Filter a MultiAssayExperiment object to keep a top percentage of taxa
Source:R/filter_MAE.R
filter_MAE.Rd
This function takes an animalcules-formatted MultiAssayExperiment
(MAE)
object and identifies all taxa at the OTU level of choice that exhibit a
relative abundance greater than or equal to a relative abundance percent
threshold, relabu_threshold
, in at least occur_pct_cutoff
% of
the total samples.
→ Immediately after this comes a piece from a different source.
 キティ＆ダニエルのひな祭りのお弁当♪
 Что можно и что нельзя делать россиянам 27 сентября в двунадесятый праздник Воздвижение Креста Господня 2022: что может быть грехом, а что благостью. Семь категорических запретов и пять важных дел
After filtration, taxa across the specified OTU level and
all downstream levels are then consolidated into the category "Other".
Arguments
- dat
A
MultiAssayExperiment
object specially formatted as an animalcules output.- relabu_threshold
A double(percentage) between 0 and 100, representing the relative abundance criterion that all OTUs should meet to be retained. The smaller the threshold, the fewer the OTUs will be retained. Default is 3%.
- occur_pct_cutoff
A double (percentage) between 0 and 100 representing the percent cutoff for how many OTUs must meet the
relabu_threshold
across the samples to be retained. It is wise to keep the number of samples in mind when setting this parameter. Default is 5%.- taxon_level
Character string indicating the level of taxonomy to aggregate the counts data. Must be the name of a column in
MultiAssayExperiment::rowData(dat)
.
Examples
in_dat <- system.file("extdata/MAE_small.RDS", package = "LegATo") |>
readRDS()
filter_MAE(in_dat, relabu_threshold = 3, occur_pct_cutoff = 5,
taxon_level = "genus")
#> The overall range of relative abundance counts between samples is (590, 238823)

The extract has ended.